2016-09-07 16:14:04 | 今そこにあるメディアのリスク









私の大学時代の友人で大学の教授をやってらっしゃるY氏はアニメーションの学ぶために、心理学を勉強しました。この本を読み解くごとに、「映像と心理」は表裏していて、立教が心理学部映像身体学科を設けましたのも理解できる事です。
これまで「モチベーション3.0 Drive The Surprising Truth about What Motivates Us」
で紹介させて頂いておりますが、外発的モチベーション(労働に対する対価としてのお金)がどれだけ内発的モチベーションを阻害しているのかは明らかに「イェス」です。
では「クリエーティビティ」にも影響を及ぼす事があるのでしょうか?
1945年に、カール・ドゥンカーが行いました「ロウソクの問題」です。



私はあなた方を部屋に入れて、ロウソクと、画鋲と、マッチを渡します。そしてこう言います。「テーブルに蝋がたれないようにロウソクを壁に取り付けてください」。あなたならどうしますか?
多くの人は画鋲でロウソクを壁に留めようとします。でも、うまくいきません。あそこで手真似をしている人がいましたが、マッチの火でロウソクを溶かして壁にくっつけるというアイデアを思いつく人もいます。いいアイデアですが、うまくいきません。5分か10分すると、たいていの人は解決法を見つけます。このようにすればいいのです。
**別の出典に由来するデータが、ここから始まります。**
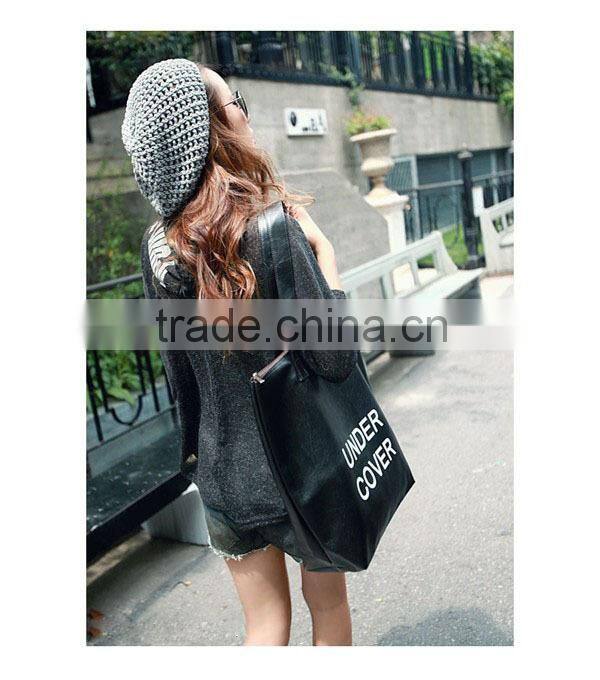 2015 New arrive hot sale simple design Musical Notes & letter printing women handbag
鍵になるのは「機能的固着」を乗り越えるということです。最初あの箱を見て、単なる画鋲の入れ物だと思います。しかしそれは別な使い方をすることもでき、ロウソクの台になるのです。これがロウソクの問題です。「機能的固着」を超えること、これって一種のイノベーションですよね?現代的なビッグワードになっているイノベーションは、裏返すと「世の中に新たな機能を生み出す・新たな機能を与える」ことじゃないだろうか。この実験の例だと、今まで「ロウソクを壁に取り付ける」機能を認知されていなかった画鋲入れの箱に、新たな機能=価値を与えており、小さいけれど確かなイノベーションじゃないか、と思います。